Hindustan Times | BySubhash Jain and Shruti Tomar, Bhopal/bhind
Apr 02, 2015 04:16 PM IST

Sunita Tomar’s last piece of advice to her sons was exactly what she had been preaching for a major part of her short life — don’t chew tobacco. The woman from Madhya Pradesh’s Bhind died on Wednesday after a long battle with cancer in a hospital in Gwalior.

Sunita Tomar’s last piece of advice to her sons was exactly what she had been preaching for a major part of her short life — don’t chew tobacco.

The woman from Madhya Pradesh’s Bhind, who shot to prominence as the face of an anti-tobacco campaign, died on Wednesday, aged 28, after a long battle with cancer in a hospital in Gwalior.

According to family members, Sunita often counselled her sons — 13-year-old Dhruv and 10-year-old Kuldeep — not to chew gutkha or tobacco and never bring it for anybody from any shop if anybody asked them to do so.

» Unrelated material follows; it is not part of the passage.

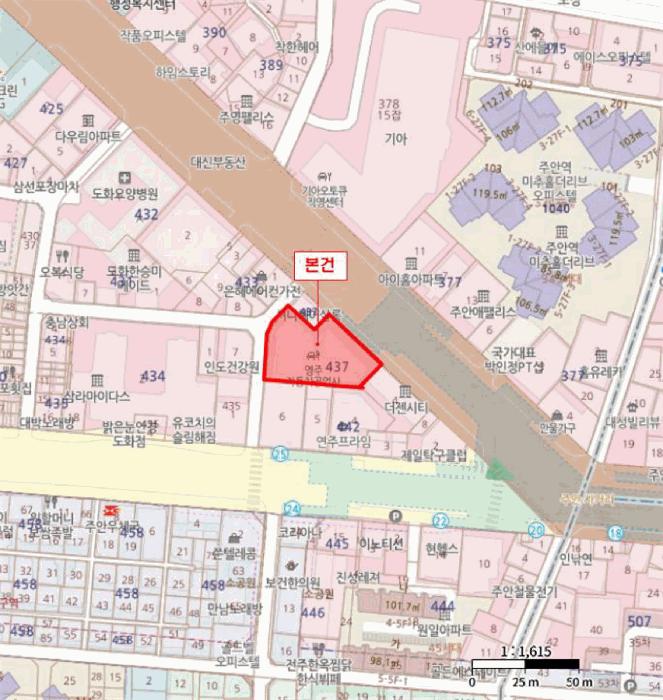 인천광역시 미추홀구 도화동 437-1 스타뷰 3층302호 오피스텔 경매 사진 10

Residents of the locality said that Sunita got furious whenever she saw any child or woman chew tobacco. She used to slap the children in particular, take them to her home and make them to take a resolution that they would never touch tobacco.

Sunita’s husband Brijendra Singh Tomar said, "We were bearing expenses for Sunita's treatment. In the past one-and-a-half years, we have spent about Rs 6.5 lakh. I have taken loan to meet the expenses. During the treatment at the Tata Memorial Cancer Hospital, an NGO approached my wife for the advertisement. She did it to save others' life."

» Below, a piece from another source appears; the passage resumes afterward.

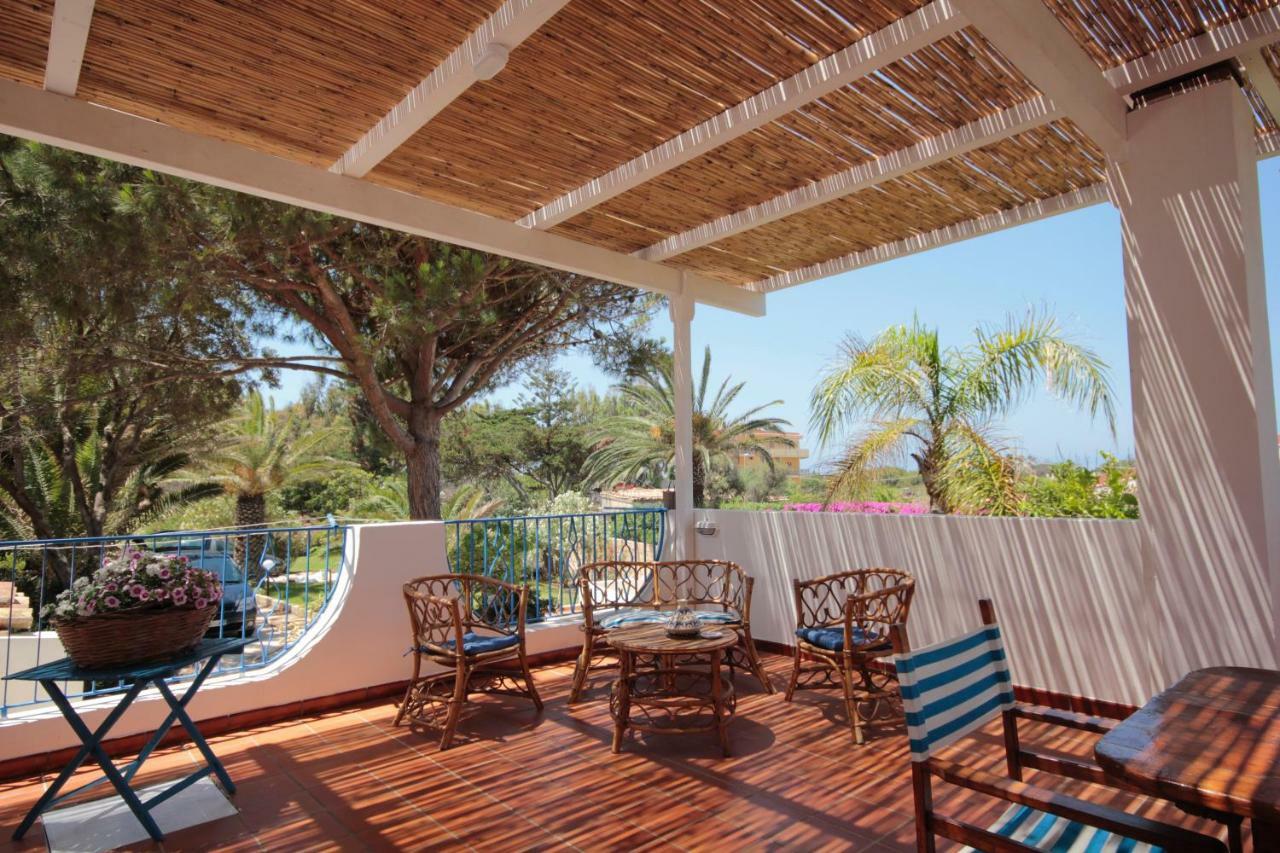Villa Delle Terrazze Punta Secca Kültér fotó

Talking to Hindustan Times, a resident Jagdish Singh said, "Sunita knew that she was dying but even in her short life after she was diagnosed with the disease, she managed to get many persons including children and women to give up their habit of tobacco chewing."

Many of the people in her locality — Bhimnagar in Bhind — treated her as their daughter-in-law.

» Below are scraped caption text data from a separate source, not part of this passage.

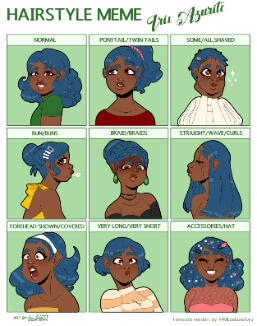 Iris head shots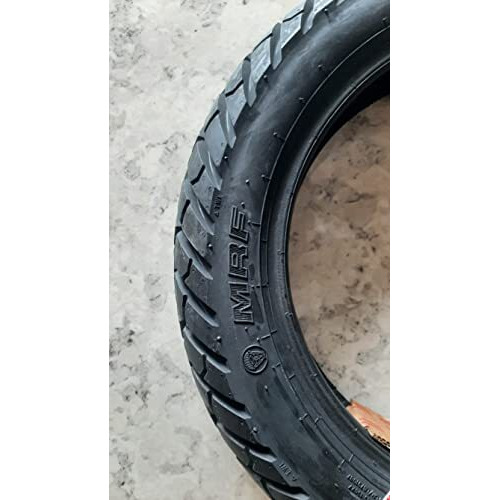 Mrf Meteor 90/90%-12 54J Tubeless Scooter Tyre,Rear
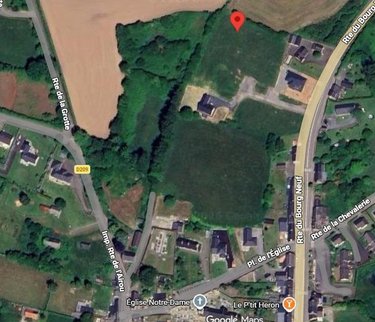 Terrain a batir a vendre Chérencé-le-Héron 50800 Manche 1281 m2  36040 euros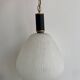 1950s glass globe pendant light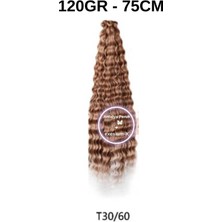X-Pression Afro Su Dalgası Saç 75M 120GR  #-T30/60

Another resident Pranitesh Bhardwaj said, "We didn't know that she was a campaigner. We saw her as a passionate woman who was suffering from a fatal disease like cancer and wanted to save others from the disease."

He said Sunita not only wanted her sons but also those women who gave up the habit of tobacco chewing after her counseling, to carry on her anti-tobacco campaign.

A woman neighbour of Sunita said her family mainly her in-laws felt much embarrassed whenever anybody talked to them about the disease. That's why she mostly confined herself to her home.